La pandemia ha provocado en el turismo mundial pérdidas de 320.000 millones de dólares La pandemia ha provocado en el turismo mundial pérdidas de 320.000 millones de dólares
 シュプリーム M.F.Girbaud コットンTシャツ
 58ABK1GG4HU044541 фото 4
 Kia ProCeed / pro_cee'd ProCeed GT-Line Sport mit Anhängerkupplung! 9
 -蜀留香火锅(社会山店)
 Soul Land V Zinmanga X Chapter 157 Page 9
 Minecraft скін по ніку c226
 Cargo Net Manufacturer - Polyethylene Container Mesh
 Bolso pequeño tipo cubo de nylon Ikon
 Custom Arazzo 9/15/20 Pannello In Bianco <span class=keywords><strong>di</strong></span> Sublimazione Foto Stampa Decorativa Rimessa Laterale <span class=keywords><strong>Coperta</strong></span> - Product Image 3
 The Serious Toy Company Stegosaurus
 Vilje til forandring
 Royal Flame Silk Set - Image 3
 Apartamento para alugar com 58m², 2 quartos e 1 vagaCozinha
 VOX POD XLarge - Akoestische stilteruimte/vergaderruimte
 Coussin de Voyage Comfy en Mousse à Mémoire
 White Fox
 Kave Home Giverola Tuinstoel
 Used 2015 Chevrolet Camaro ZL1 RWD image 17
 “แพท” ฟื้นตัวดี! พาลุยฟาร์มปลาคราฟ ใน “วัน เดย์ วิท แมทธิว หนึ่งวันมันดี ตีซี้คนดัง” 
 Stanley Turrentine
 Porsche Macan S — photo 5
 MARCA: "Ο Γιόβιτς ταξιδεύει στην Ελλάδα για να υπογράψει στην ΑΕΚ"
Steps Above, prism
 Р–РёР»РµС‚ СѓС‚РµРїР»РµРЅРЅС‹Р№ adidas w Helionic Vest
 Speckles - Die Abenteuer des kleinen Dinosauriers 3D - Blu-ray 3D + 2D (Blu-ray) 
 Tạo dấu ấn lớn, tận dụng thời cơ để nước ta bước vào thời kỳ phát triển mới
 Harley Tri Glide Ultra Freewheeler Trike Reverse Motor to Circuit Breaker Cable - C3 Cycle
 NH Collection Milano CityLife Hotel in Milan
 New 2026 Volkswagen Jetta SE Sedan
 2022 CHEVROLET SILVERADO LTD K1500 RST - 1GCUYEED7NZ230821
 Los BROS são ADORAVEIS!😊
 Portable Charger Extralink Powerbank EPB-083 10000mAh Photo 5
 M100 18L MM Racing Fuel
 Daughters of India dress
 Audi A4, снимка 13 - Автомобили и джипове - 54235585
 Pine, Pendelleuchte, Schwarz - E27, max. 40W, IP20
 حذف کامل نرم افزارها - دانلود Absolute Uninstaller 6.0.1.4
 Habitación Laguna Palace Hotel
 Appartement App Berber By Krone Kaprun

● ● ● ● ●

## ACTIVITY:
Retype, in the same exact form, the lines of the material above from the line holding "New 2026 Volkswagen Jetta SE Sedan" through the line holding "Pine, Pendelleuchte, Schwarz".

## ANSWER TO THE EXERCISE:
 New 2026 Volkswagen Jetta SE Sedan
 2022 CHEVROLET SILVERADO LTD K1500 RST - 1GCUYEED7NZ230821
 Los BROS são ADORAVEIS!😊
 Portable Charger Extralink Powerbank EPB-083 10000mAh Photo 5
 M100 18L MM Racing Fuel
 Daughters of India dress
 Audi A4, снимка 13 - Автомобили и джипове - 54235585
 Pine, Pendelleuchte, Schwarz - E27, max. 40W, IP20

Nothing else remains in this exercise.